However, new social and technological advances have given the religion an opportunity to assume life on its own, unlinked to an institution. When Ronald Poelman gave his talk separating the “Gospel” and the “Church” in general conference (The Gospel and the Church), the talk was censored and re-written. A comparison between the original talk and the replacement is available on-line here. However, in the last general conference, Elder Hallstrom’s talk, (Converted to His Gospel through His Church) dealt with the subject again, this time making the distinction without being censored. The advances in social and technological management of information and people between the 1984 and 2012 have been more than significant.
The possiblity exists now for an entire religious body to become “one” in heart and in belief, not because of periodic visits from a distant hierarchy, but because they are in constant communication amongst themselves. Though they are in India or Mexico or Russia or the US, they can stay abreast of the very latest through direct communication with each another.
This global change is the harbinger of changes coming to every organization on earth, including the church. The church has been an early adopter of technology for decades. As they continue to adapt to new technical capabilities, it will not be long before, once again, we can “live in the same small village.” Just as Joseph Smith would answer questions over the fence in his yard with his neighbors in Nauvoo, the possiblity is coming for all of us to log into a continuing, flattened structure with no middle management.
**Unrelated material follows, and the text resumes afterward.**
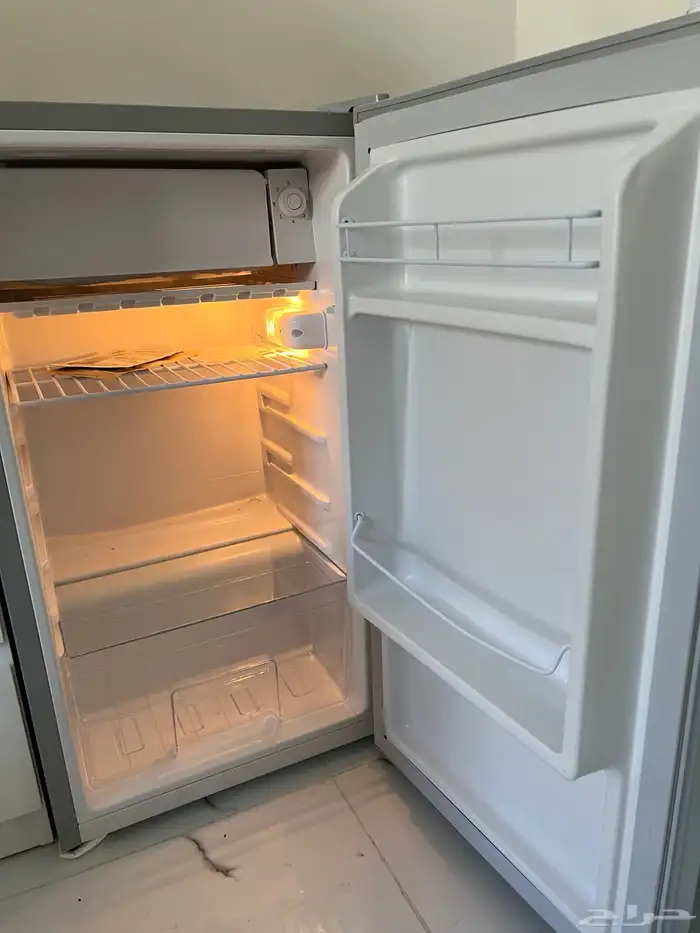 ثلاجتين صغير لونهم رمادي وحده جديده ب250 والثانيه 150 3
The top and the bottom of the organization becoming one. No longer any lofty branches, exalted to the sky, with the lesser members confined to the shade, but a uniform and equal access among one another from top to bottom.
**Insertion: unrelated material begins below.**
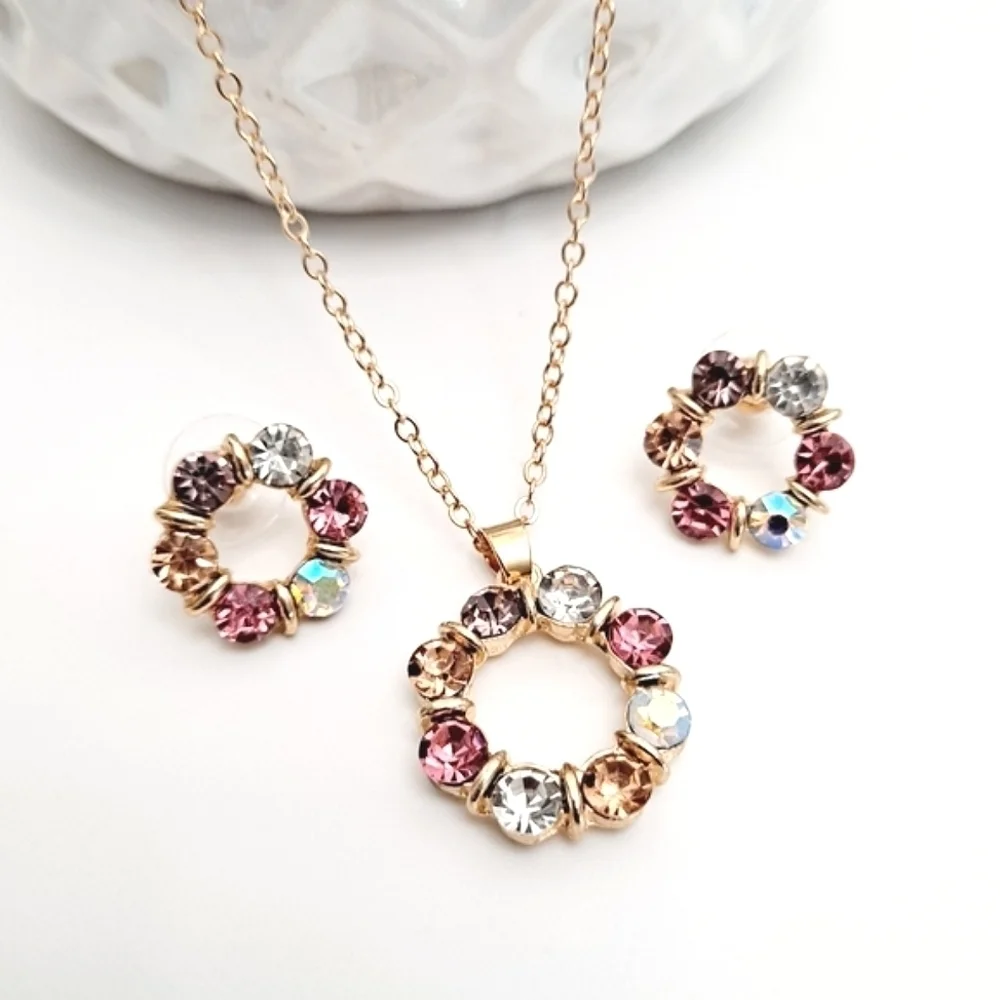 Gold rhinestones Necklace and earrings set dainty Rainbow multicolor 💖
In Joseph’s day there was no technology that would allow Joseph to be in contact with converts or members worldwide. There was an absolute need for a vertical, hierarchical organization with Presidency, Twelve, Seventy, Stake, Ward, and Quorum leadership levels interfacing between the top and bottom. In contrast, today if the president of the church wanted to address you and I, he could send an email, or post a message on a board where we could all visit and hear directly from him. He could record a MP3 message for us to download. Just like the rest of the world, the church itself could now be “flattened” without any of the difficulties Joseph would have encountered.
Although we tend to think the structure is absolutely essential, it isn’t. For example, the revelation giving the overall church structure was not followed by the church from the time if was received (March 28, 1835) until 1975 when President Spencer W. Kimball organized the First Quorum of the Seventy. Between those times, the Seventies had an on-again-off-again existence at the general level of the church, with only the Seven Presidents regarded as General Authorities for almost all of that time. Needs arose, the Quorum was activated, and it has been in existence since then. Is that a one-way street? Could the expansion that happens at one moment because of global needs be reversed at another time? Could the structure be simplified if it isn’t required just as it was expanded after 140 years?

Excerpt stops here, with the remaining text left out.